Jak wyeliminować telefony komórkowe?

o tym jakie są, jak sobie z nimi radzić, jak wychowywać bez porażek

Moderatorzy: Basiek70, służby porządkowe

Adriannn
Posty: 177
Rejestracja: 2011-05-14, 20:59
Kto: nauczyciel
Przedmiot: Język angielski
Lokalizacja: pomorskie

Re: Jak wyeliminować telefony komórkowe?

Postautor: Adriannn » 2011-05-15, 19:52

Przecież to nie jest jakieś moje wymyślone podejście, ale przepisy, które oni dobrze znają :D.

Awatar użytkownika
vuem
Posty: 4126
Rejestracja: 2009-06-18, 20:30
Kto: nauczyciel
Przedmiot: Język angielski
Lokalizacja: podkarpackie

Re: Jak wyeliminować telefony komórkowe?

Postautor: vuem » 2011-05-15, 20:02

haLayla pisze:Zastanawiam się czasem, czy marchewka nie powinna się nazywać łapówką, tudzież dodatkiem motywacyjnym. Bo z nagrodą to ona ma w takim układzie niewiele wspólnego.


Myśląc o nauczaniu, czy wychowaniu, uczniów, czy własnych dzieci ten "kij" jedynie, a więc nakazy, zakazy, i kary Ci się jedynie słuszne wydają, a ta "marchewka" staje się łapówką?

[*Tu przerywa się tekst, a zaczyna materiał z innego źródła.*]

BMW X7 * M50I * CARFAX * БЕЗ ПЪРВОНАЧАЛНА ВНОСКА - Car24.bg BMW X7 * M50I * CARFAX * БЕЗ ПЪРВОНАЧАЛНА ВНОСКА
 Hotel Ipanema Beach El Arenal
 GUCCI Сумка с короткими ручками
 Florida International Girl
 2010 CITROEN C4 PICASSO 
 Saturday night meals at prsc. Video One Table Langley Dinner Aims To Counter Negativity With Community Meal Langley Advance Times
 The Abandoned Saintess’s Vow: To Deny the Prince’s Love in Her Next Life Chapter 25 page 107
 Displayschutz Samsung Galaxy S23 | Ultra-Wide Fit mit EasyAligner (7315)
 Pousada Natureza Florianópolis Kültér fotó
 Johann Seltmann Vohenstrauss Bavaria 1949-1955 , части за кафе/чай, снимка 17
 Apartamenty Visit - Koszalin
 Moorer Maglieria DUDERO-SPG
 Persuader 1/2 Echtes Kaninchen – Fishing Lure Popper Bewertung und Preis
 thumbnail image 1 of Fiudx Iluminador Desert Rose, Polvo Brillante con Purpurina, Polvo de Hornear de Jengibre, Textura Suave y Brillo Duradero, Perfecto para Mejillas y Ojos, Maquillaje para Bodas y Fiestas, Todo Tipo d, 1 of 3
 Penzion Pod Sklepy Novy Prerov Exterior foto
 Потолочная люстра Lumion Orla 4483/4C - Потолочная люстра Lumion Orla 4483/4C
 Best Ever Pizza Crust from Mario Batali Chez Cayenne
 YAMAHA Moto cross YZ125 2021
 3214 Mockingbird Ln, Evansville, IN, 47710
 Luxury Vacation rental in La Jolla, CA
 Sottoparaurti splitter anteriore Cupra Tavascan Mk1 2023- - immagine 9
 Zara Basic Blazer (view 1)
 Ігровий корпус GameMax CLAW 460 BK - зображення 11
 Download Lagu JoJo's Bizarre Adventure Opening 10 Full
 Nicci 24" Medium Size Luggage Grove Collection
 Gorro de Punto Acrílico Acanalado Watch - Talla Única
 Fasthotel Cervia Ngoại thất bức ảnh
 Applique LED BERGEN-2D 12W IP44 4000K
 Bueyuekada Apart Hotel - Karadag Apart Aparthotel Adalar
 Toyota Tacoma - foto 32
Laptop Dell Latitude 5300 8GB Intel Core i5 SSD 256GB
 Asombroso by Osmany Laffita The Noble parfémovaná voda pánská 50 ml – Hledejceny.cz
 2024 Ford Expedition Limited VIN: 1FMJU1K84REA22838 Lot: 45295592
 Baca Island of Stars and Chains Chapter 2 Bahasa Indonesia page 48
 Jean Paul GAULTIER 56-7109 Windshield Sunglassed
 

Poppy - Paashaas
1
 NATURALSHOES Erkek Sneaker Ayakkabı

Nie masz bladego pojęcia o czym mowa...(bez sarkazmu, na poważnie).

Awatar użytkownika
malgala
Posty: 8170
Rejestracja: 2007-07-30, 18:50
Kto: nauczyciel
Przedmiot: Matematyka
Lokalizacja: łódzkie

Re: Jak wyeliminować telefony komórkowe?

Postautor: malgala » 2011-05-15, 20:25

vuem, marchewka ma być zachętą, ma rozbudzić zainteresowanie.
W tym przypadku raczej się nie sprawdzi. Podejrzewam, że tylko jednostkom w tej szkole zależy, aby się czegoś nauczyć. Reszta doskonale wie, że dyrekcji zależy na tym, aby ilość klas utrzymać i jakoś tę szkołę skończą.
Jeżeli nie uświadomi się im, że obowiązek nauki istnieje do lat 18, to nawet najatrakcyjniejszą lekcję rozłożą, bo nikt im nic nie zrobi.
Najpierw muszą dostosować się do zasad ustalonych przez nauczyciela, a dopiero potem można serwować marchewkę.
Tylko, że w tym konkretnym przypadku konieczne jest wspólne działanie nauczycieli i dyrekcji, na co chyba liczyć nie można.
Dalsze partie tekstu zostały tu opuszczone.